Crowds gathered to watch the “Tiger Girl” wrestle with big cats and wow audiences by commanding a dozen tigers at a time to follow her lead. Her wrestling act with her favorite tiger, Rajah – in which the duo would roll three or four times on the ground – became one of the best-known cat acts in the U.S.”

Besides her love for animals, she chose the profession deliberately:

“Stark was acutely aware of the path she was paving. “I deliberately chose a field in which no other woman had specialized,” she wrote in her autobiography.

The conventional wisdom at the time, she added, was that “tigers were considered too dangerous for a woman to handle.”

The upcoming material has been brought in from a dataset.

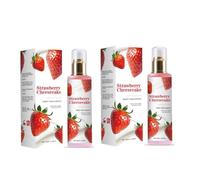 2PCS Strawberry Smell Body Mist Strawberry Flavour Perfume Musk Refreshing Moisturizing Care Fragrance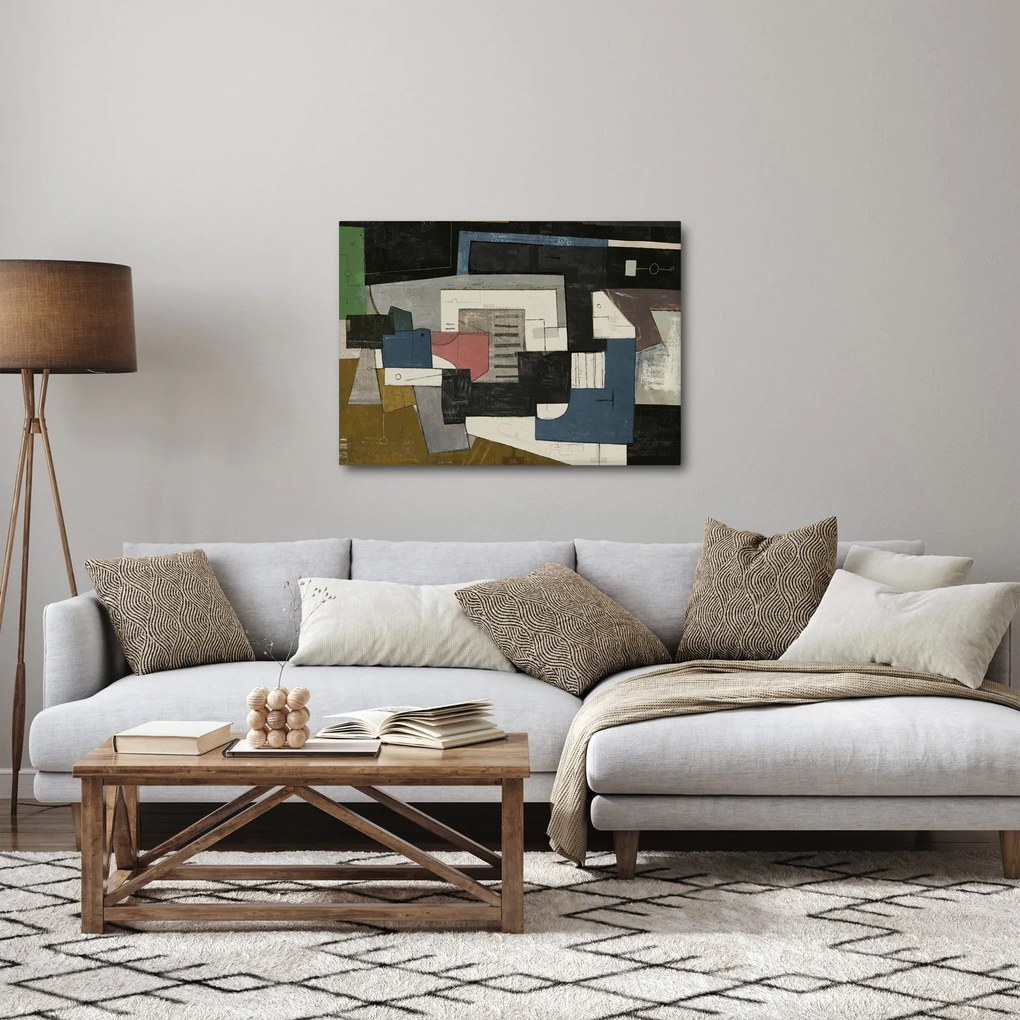 Tablou - Abstracție cubism (70x50 cm)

Stark’s willingness to defy convention mattered. As circus historian Janet M. Davis noted, “circus women’s performances celebrated female power” and represented “a startling alternative to contemporary social norms.”

In early-20th-century American life, women might not have been able to vote or to serve on juries in most states, but in the ring, they commanded the audience’s attention riding bareback on horses, displaying strength and stamina, and performing gravity-defying acrobatic feats.”

Unlike some who believe a little bit of stick works in shaping behaviour, whether it’s of kids, employees or animals, Stark believed otherwise:

“Stark, aware of other trainers’ abusive behavior toward their tigers, took a different route.

“Kindness and patience are the biggest factors in training. … Trainers who try to beat animals into submission always get into trouble,” she said.

Yet her trade was not without danger.

“An animal trainer can’t have nerves. I haven’t had any since I gave up nursing,” she said in a 1922 New York Times interview. “They may be planting violets on me tomorrow, but while I have my health and strength, I’d rather take care of 10 tigers than a sick person.””

But her end was quite tragic:

“Stark toured with circuses until the late 1940s, when she was hired by Jungleland, a zoo located outside of Los Angeles.

Save for the three-and-a-half years she lived in Japan touring with her wild cat act, she spent the last 20 years of her career at Jungleland.

…Stark worked at Jungleland until she was fired in 1967 after the park’s insurance company stopped covering her. Being away from her tigers devastated her, and she died by suicide just months later on April 20, 1968, at her home in Thousand Oaks.

The concluding paragraph of Stark’s autobiography anticipates the end of her life:

“The chute door opens as I crack my whip and shout, ‘Let them come!’ Out slink the striped cats, snarling and roaring, leaping at each other or at me. It’s a matchless thrill, and life without it is not worth while to me.”